In today's India, inviting political leaders by the medium of "I love Modi" slogans or putting up huge cutouts of Hindu deities and goddesses on roadsides is not only acceptable but cheered out loud. However, discussing loving a man revered by millions of Muslims is criminalized in some areas. This differential deployment of the right to freedom of speech and religion is a lethal slide into majoritarianism — a tendency to view constitutional freedoms being differentially enforced based on the group identity of those who seek to invoke them. The Bareilly incidents were not an isolated occurrence.
The same graffiti and slogans at Maharashtra's Ahilyanagar led to communal upset, which had resulted in baton charges, arrests, and demolitions — the majority of them against Muslim shops. These are more than maintaining the peace; they are a policy of state-backed collective punishment and intimidation. Properties are reduced to rubble without resort to due process, normally justified later as illegal encroachment, providing a way of living where the citizens are not just fearful of the crowd but of the state. This is becoming widespread enough in contemporary India. In these regimes of BJP rule and men like Yogi Adityanath in Uttar Pradesh, the line between governance and ideology has been erased.
State apparatus, which was originally tasked with upholding constitutional norms, is now being deployed to track identity and suppress dissent — particularly if it arises from minority groups. State no longer an impartial guarantor of rights increasingly takes the form of a strong majoritarian instrument of coercion. These trends have significant consequences. They first undermine the ethos of India's Constitution that guarantees the free practice and profession of religion to all its citizens. Article 25 is unencumbered by any restraint on the basis of religious popularity or political expediency.
Actually, these rights are being taken away — not through legislation, but through arbitrariness and an atmosphere of intimidation. The impact is a stern warning to India's 200 million Muslims: your religion is tolerated, but only to the extent that others approve. Politicians who resist this trend are met with political backlash or are labeled as agitators and removed from office. Not everyone of the ruling elite is so confident that this is the right approach, however. Jahanzaib Sirwal, BJP leader in Indian Illegally Occupied Jammu and Kashmir, came on record against the government reaction to the scandal as vindictive and disproportionate.
His is a voice of wider discontent — even within the party — at the speed with which the state reverts to repression rather than reconciliation. It is too much a policy or political matter of ideology. Ultimately, it is a question of what kind of country India wishes to be. Will it be a democracy where people are equal citizens, regardless of religion? Or is India evolving into an in-name-only democracy, wherein citizenship and rights are being channeled increasingly through religious identification? These are tough questions, but questions that should be asked — and answered — before the damage is done. In criminalizing the ordinary expressions of Muslim religion, the state is not merely barring a considerable segment of its citizens but also creating a cycle of grievance and radicalism. The more targeted and segmented individuals are, the more they feel left out, the less they have confidence in democratic institutions. This undermines the very institution on which the republic is founded. Also feeding into this are forces of radicalization that thrive on polarization, opening up even wider fissures only deeper that would require generations to heal. What might have been a harmless, pacific celebration of religious faith was rendered a national tinderbox, not for the words themselves but for what they indicate about the well-being of the Indian republic today.

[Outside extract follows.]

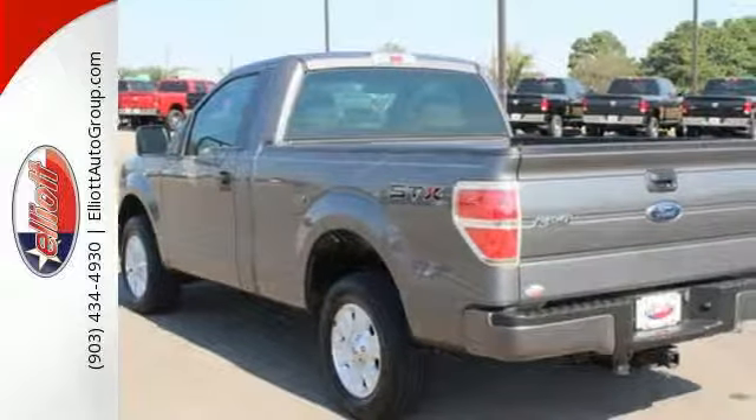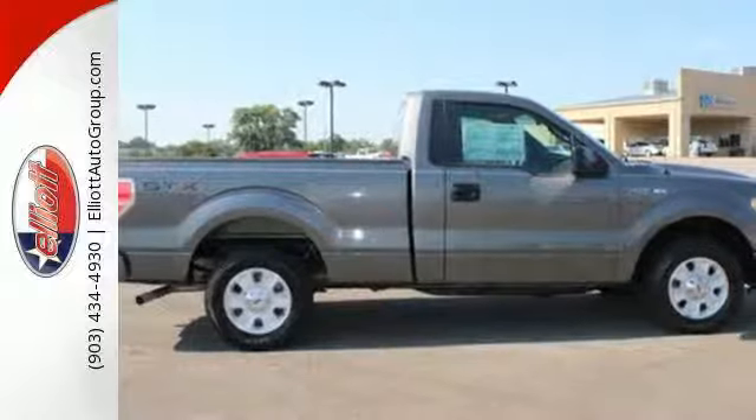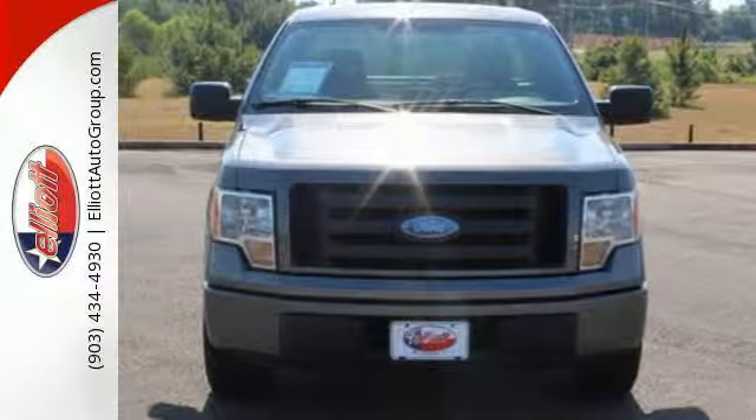It also features 40-20-40 split bench front seats and a seriously quiet ride. Take this Motor Trend Truck of the Year home today and get to work.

The phrase "I love Muhammad" was never an incitement. It was only politicized in a political culture accustomed to recognize Muslim expression as suspicious. That one word of endearment would be sufficient to bring about arrest and violence is a measure of how far the nation has fallen from ideals of equality, brotherhood, and secularism. Ultimately, the best indicator of a democracy is not what it does to its majority, but how well it defends the rights of its minorities. And on that measure, India is failing. How to go about this is not a series of legal band-aids — it requires moral courage, political vision, and a return to the values that once sustained the nation. Only then can India be a democracy for all citizens, and not for the privileged elite.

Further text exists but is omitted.